The first question was harmless.
A trader asked Gu Qing, casually, whether the Gu Clan had changed grain suppliers.
Gu Qing answered honestly.
"No."
That should have been the end of it.
It wasn't.
The second question came from a mercenary captain who had never cared about food before.
"Does your grain use spirit herbs?" he asked, tone light.
Gu Qing smiled politely. "No."
The man frowned. "Then how does it last?"
Gu Qing's smile did not change.
"It's prepared carefully."
That answer traveled farther than any caravan.
By the third week, Gu Hao stopped pretending this was coincidence.
Reports arrived from three directions.
A minor clan sent an emissary asking about "endurance rations"
A sect cookmaster inquired about bulk preparation methods
A wandering alchemist offered cooperation, unsolicited
None mentioned the Gu Clan directly.
All asked about the same thing.
How.
Gu Hao convened Gu Qing and Gu Jian that night.
"We are being studied," Gu Qing said.
Gu Jian snorted. "Let them try to copy it."
Gu Hao shook his head.
"They won't copy the grain," he said. "They'll copy the mistake."
Gu Jian frowned. "Which is?"
"Skipping restraint," Gu Hao replied.
Gu Hao reviewed the feedback carefully.
Most users reported improved endurance.
Some reported temptation.
One noted that his men argued over portions.
That sentence mattered more than all praise combined.
Gu Hao made a decision.
He did not hide the grain.
He hid the process.
The next external batch included something new.
Instructions.
Clear. Firm. Almost inconvenient.
Usage Notice (Included with Grain)
Not a meal replacement
Do not exceed stated portion
Mandatory rest cycle required
Overuse degrades circulation
Long-term misuse risks stagnation
No threats.
No promises.
Just consequence.
The price increased.
Not sharply.
Enough to deter casual buyers.
One low-grade spirit stone now bought eight portions, not ten.
Gu Qing hesitated. "Won't that anger them?"
"Yes," Gu Hao replied. "And that tells us who to stop selling to."
The first complaint arrived two days later.
A buyer demanded explanation.
Gu Hao did not reply.
The buyer did not return.
Good.
A different message arrived that same night.
Short.
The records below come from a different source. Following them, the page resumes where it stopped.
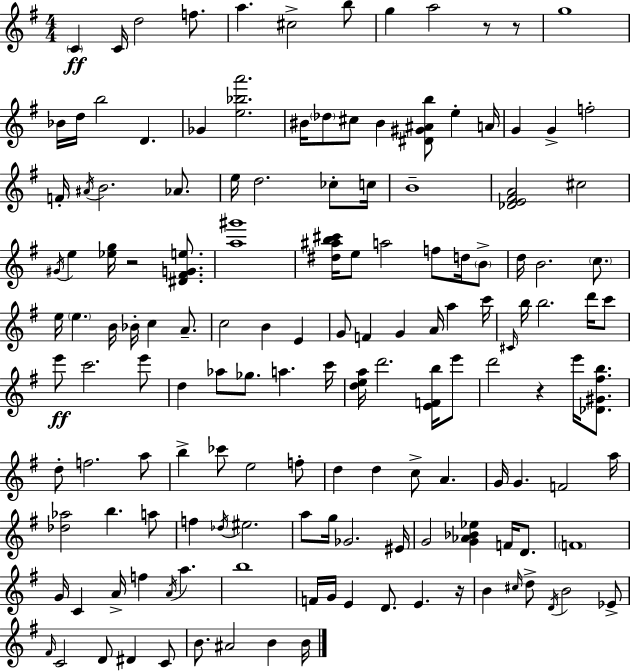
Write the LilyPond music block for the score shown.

{
  \clef treble
  \numericTimeSignature
  \time 4/4
  \key e \minor
  \repeat volta 2 { \parenthesize c'4\ff c'16 d''2 f''8. | a''4. cis''2-> b''8 | g''4 a''2 r8 r8 | g''1 | \break bes'16 d''16 b''2 d'4. | ges'4 <e'' bes'' a'''>2. | bis'16 \parenthesize des''8 cis''8 bis'4 <dis' gis' ais' b''>8 e''4-. a'16 | g'4 g'4-> f''2-. | \break f'16-. \acciaccatura { ais'16 } b'2. aes'8. | e''16 d''2. ces''8-. | c''16 b'1-- | <des' e' fis' a'>2 cis''2 | \break \acciaccatura { gis'16 } e''4 <ees'' g''>16 r2 <dis' fis' g' e''>8. | <a'' gis'''>1 | <dis'' ais'' b'' cis'''>16 e''8 a''2 f''8 d''16 | \parenthesize b'8-> d''16 b'2. \parenthesize c''8. | \break e''16 \parenthesize e''4. b'16 bes'16-. c''4 a'8.-- | c''2 b'4 e'4 | g'8 f'4 g'4 a'16 a''4 | c'''16 \grace { cis'16 } b''16 b''2. | \break d'''16 c'''8 e'''8\ff c'''2. | e'''8 d''4 aes''8 ges''8. a''4. | c'''16 <d'' e'' a''>16 d'''2. | <e' f' b''>16 e'''8 d'''2 r4 e'''16 | \break <des' gis' fis'' b''>8. d''8-. f''2. | a''8 b''4-> ces'''8 e''2 | f''8-. d''4 d''4 c''8-> a'4. | g'16 g'4. f'2 | \break a''16 <des'' aes''>2 b''4. | a''8 f''4 \acciaccatura { des''16 } eis''2. | a''8 g''16 ges'2. | eis'16 g'2 <g' aes' bes' ees''>4 | \break f'16 d'8. \parenthesize f'1 | g'16 c'4 a'16-> f''4 \acciaccatura { a'16 } a''4. | b''1 | f'16 g'16 e'4 d'8. e'4. | \break r16 b'4 \grace { cis''16 } d''8-> \acciaccatura { d'16 } b'2 | ees'8-> \grace { fis'16 } c'2 | d'8 dis'4 c'8 b'8. ais'2 | b'4 b'16 } \bar "|."
}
Direct.
From the Luo River Sect's quartermaster.
Your product is changing patrol efficiency.
We will not ask how.
But we would like priority access.
Gu Hao read it carefully.
Then handed it to Gu Jian.
"They understand restraint," Gu Jian said.
"Yes," Gu Hao replied. "That's why they last."
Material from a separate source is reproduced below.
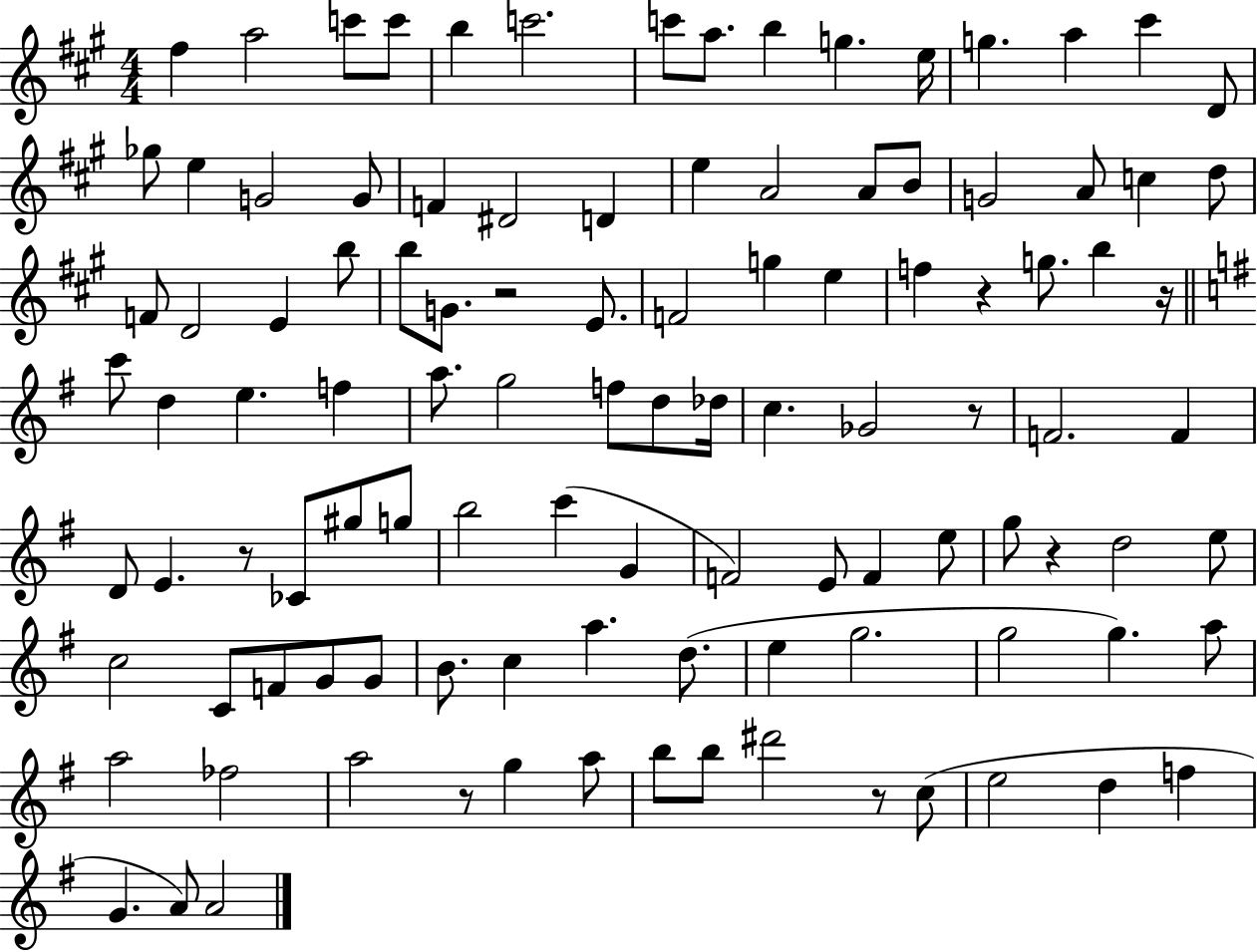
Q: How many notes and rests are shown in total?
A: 108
Gu Hao responded with equal care.
Priority is possible.
Exclusivity is not.
No negotiation followed.
Which meant agreement.
That night, Gu Hao stood alone.
He felt the weight now.
Not of power.
Of influence.
He had not sold strength.
He had sold time.
And time was always contested.
He wrote a single line in his private notes:
The first advantage is never the product.
It is deciding what not to explain.
The Gu Clan remained small.
But others were beginning to orbit it.
And orbit always came before gravity.